Authors: Viktor Povazhuk, Bohdan Mahometa.

This Android application is designed to classify images of mushrooms using the phone's camera. The app utilizes machine learning techniques to assign mushroom images to specific classes.

The deployed model is based on the MobileNetV2. The corresponding notebook with modeling is available here. The accuracy of the model on test dataset is $69 \%$.

Additionally, better results ($82 \%$ accuracy) are achieved by applying the contrastive self-supervised learning algorithms described here, but this model is not yet deployed. The corresponing notebook with modeling is available here.

Features

  1. Available classes. The application allows users to capture an image and classify it into one of the following mushroom classes:
  • Agaricus Xanthodermus
  • Amanita Muscaria
  • Amanita Phalloides
  • Armillaria Mellea
  • Boletus Edulis
  • Cantharellus Cibarius
  • Chalciporus Piperatus
  • Hygrophoropsis Aurantiaca
  • Hypholoma Fasciculare
  • Inocybe Geophylla
  • Rubroboletus Satanas
  • Russula Emetica
  • Russula Vesca
  • Suillus Luteus
  1. Real-time low-latency classification. Users can capture images in real-time using their device's camera and instantly receive the classification results.
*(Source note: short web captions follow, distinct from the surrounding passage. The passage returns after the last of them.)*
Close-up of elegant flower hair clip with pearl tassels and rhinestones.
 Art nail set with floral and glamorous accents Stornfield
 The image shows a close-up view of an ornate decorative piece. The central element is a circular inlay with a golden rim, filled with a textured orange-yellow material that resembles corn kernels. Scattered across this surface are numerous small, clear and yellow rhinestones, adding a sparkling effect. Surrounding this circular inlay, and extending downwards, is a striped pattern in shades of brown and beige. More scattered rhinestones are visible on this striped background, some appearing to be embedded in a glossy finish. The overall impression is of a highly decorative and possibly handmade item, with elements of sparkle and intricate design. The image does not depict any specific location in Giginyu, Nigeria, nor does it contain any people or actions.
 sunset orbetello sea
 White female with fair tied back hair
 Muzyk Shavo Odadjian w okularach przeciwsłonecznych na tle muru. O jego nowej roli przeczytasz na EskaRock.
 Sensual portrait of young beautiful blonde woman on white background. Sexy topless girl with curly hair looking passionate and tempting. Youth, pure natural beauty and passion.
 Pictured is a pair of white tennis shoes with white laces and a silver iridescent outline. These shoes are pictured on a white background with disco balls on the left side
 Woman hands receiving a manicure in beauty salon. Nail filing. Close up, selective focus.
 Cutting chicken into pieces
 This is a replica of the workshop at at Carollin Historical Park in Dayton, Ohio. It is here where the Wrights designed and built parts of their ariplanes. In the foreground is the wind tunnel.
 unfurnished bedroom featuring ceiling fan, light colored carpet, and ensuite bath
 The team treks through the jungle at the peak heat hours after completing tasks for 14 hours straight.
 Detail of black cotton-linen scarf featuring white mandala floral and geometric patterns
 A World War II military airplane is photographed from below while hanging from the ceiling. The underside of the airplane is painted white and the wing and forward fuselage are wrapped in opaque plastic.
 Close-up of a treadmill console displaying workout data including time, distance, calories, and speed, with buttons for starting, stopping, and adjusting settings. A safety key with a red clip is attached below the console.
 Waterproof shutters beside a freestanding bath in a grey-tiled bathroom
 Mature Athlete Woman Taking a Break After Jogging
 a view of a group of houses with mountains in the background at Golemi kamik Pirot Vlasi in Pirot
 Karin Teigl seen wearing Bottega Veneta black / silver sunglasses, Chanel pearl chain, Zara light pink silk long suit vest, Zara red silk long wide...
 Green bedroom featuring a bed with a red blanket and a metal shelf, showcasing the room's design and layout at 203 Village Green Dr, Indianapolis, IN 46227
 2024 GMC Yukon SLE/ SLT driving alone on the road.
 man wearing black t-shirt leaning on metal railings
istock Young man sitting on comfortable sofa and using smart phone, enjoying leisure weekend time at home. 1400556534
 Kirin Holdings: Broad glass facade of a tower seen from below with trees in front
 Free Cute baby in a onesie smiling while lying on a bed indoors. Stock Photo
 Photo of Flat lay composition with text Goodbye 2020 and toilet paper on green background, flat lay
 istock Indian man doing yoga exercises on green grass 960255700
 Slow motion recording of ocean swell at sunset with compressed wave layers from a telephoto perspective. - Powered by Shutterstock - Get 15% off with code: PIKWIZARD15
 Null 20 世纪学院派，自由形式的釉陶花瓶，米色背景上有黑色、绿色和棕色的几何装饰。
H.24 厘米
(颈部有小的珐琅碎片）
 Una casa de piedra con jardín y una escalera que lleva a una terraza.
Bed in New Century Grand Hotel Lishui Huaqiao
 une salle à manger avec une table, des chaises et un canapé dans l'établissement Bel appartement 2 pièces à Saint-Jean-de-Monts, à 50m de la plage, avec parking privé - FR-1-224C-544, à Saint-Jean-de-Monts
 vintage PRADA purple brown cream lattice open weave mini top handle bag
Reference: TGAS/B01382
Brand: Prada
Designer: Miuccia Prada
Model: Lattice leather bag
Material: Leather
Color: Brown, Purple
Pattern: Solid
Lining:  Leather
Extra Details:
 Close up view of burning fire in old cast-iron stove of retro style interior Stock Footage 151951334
  2. Offline functionality. The app works offline, allowing users to classify images without an internet connection. (One-time internet connection is neccessary though for downloading the model to the phone).

  3. Updating the model. The app allows for synchronization of the model with the most-recent one upon Internet connection is available.

Installation

Two options are provided.

Option 1: Use the provided APK

The APK file is attached to the release.

Option 2: Build and deploy to connected device

Run the following in the project root directory:

$ ./gradlew installDebug

Usage

  • Launch the Mushroom Classifier app on your Android device.
  • Grant necessary permissions for the app to access the camera.
  • Capture a photo of a mushroom using the camera. The predictions are seen immediately.

Contribution

Contributions to the Mushroom Classifier app are welcome! If you encounter any issues or have suggestions for improvements, please open an issue on the project's GitHub repository. Feel free to submit pull requests to contribute new features or fix existing problems.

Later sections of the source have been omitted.